Although reviving that practice might touch the lives of only a few babies each year, it could make the difference between life or death for abandoned infants and prevent a lifetime of neglect and abuse for children who leave the hospital with mothers who don’t want them.

The Columbus Dispatch

The promise of Ohio’s charter schools is rooted in their freedom from many of the state regulations that bind other public schools.

But without that most fundamental ability, the ability to read, children simply will not be able to play a productive role in society. All the academic flexibility and creativity in the world won’t make up for illiteracy. And so charter schools should be required to handle those students who fail the fourth-grade reading test in the same manner as do traditional schools.

Under current state law, beginning next school year, those fourth-graders who don’t pass the reading section of the fourth-grade proficiency test will remain in that grade indefinitely. The law applies to traditional public and private schools, but charter schools now enjoy a loophole that exempts them from holding back children who fail.

Now, as the state mulls changing the way proficiency tests are implemented, it’s time to hold charter schools to the same standard as all other schools on this most fundamental requirement.

The (Warren) Tribune-Chronicle

The U.S. Supreme Court on Nov. 28 took a small step in protecting innocent American citizens from unreasonable searches when it ruled 6-3 that police roadblocks designed to intercept illegal drugs violated the Fourth Amendment.

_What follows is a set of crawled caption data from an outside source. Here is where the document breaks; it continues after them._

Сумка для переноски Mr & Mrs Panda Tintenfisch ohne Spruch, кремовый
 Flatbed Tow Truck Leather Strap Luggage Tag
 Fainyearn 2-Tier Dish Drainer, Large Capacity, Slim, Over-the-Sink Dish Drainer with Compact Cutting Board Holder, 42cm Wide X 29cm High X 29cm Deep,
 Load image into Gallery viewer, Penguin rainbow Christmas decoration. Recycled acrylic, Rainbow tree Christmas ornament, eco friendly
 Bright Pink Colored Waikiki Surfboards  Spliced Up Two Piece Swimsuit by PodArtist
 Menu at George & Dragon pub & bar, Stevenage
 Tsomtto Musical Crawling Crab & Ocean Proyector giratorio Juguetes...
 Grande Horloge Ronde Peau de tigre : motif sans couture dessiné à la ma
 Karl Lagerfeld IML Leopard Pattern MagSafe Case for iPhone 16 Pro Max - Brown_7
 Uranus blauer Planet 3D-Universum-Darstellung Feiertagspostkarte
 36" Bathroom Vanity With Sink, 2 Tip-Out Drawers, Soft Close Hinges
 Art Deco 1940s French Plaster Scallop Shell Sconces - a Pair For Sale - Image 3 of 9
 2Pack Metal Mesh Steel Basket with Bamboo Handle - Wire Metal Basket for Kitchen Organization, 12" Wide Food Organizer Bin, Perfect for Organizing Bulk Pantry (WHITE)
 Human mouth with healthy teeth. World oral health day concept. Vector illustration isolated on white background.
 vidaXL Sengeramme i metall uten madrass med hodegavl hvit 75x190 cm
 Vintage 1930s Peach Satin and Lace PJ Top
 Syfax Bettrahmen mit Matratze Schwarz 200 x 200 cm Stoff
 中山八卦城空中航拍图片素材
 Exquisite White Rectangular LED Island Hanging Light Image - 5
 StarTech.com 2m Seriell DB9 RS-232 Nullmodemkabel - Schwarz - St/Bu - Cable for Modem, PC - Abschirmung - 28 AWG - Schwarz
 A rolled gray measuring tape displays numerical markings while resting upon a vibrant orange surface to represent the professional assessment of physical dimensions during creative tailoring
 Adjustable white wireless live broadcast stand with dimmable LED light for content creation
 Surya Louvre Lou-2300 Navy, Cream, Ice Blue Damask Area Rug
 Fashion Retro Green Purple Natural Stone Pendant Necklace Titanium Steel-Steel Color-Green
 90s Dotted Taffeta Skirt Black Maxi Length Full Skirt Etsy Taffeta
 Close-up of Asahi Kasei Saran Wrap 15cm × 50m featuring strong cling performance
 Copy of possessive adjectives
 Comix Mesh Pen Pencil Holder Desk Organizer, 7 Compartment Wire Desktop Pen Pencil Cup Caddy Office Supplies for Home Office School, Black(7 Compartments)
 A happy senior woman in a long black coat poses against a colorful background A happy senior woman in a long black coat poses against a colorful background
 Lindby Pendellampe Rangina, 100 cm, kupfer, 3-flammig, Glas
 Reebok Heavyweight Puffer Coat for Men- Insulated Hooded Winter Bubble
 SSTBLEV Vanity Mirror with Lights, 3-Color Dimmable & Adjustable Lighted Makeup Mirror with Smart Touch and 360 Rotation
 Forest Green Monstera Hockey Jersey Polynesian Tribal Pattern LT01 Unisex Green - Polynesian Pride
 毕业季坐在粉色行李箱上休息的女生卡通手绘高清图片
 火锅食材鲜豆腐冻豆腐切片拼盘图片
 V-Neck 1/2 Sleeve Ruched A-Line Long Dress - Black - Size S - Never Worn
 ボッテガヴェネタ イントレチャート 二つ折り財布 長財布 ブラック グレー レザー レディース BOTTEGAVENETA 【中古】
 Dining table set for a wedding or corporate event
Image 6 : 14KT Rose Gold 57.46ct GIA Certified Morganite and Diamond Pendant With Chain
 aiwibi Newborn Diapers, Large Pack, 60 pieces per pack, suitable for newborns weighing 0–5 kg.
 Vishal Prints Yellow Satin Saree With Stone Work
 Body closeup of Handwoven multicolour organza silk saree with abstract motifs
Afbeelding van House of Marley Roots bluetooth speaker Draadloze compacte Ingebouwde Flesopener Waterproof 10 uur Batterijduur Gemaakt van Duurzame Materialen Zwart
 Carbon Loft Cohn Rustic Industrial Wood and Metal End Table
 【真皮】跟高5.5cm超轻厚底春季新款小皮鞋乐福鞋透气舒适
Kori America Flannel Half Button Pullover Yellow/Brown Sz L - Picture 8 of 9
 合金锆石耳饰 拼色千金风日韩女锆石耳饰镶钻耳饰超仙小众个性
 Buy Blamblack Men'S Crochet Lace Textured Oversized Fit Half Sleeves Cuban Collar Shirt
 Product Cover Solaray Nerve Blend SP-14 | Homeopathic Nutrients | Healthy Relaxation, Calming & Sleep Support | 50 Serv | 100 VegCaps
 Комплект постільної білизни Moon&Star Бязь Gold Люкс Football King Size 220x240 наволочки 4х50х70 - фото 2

The Supreme Court has upheld checkpoints aimed at stopping the smuggling of illegal aliens into the United States or getting drunken drivers off the road. The court said that drug checkpoints are different, that their general aim is crime control.

We think the court was right to draw the line.

While people may have less privacy in their cars than in their homes, we do not think police should have the power to stop them without a reason.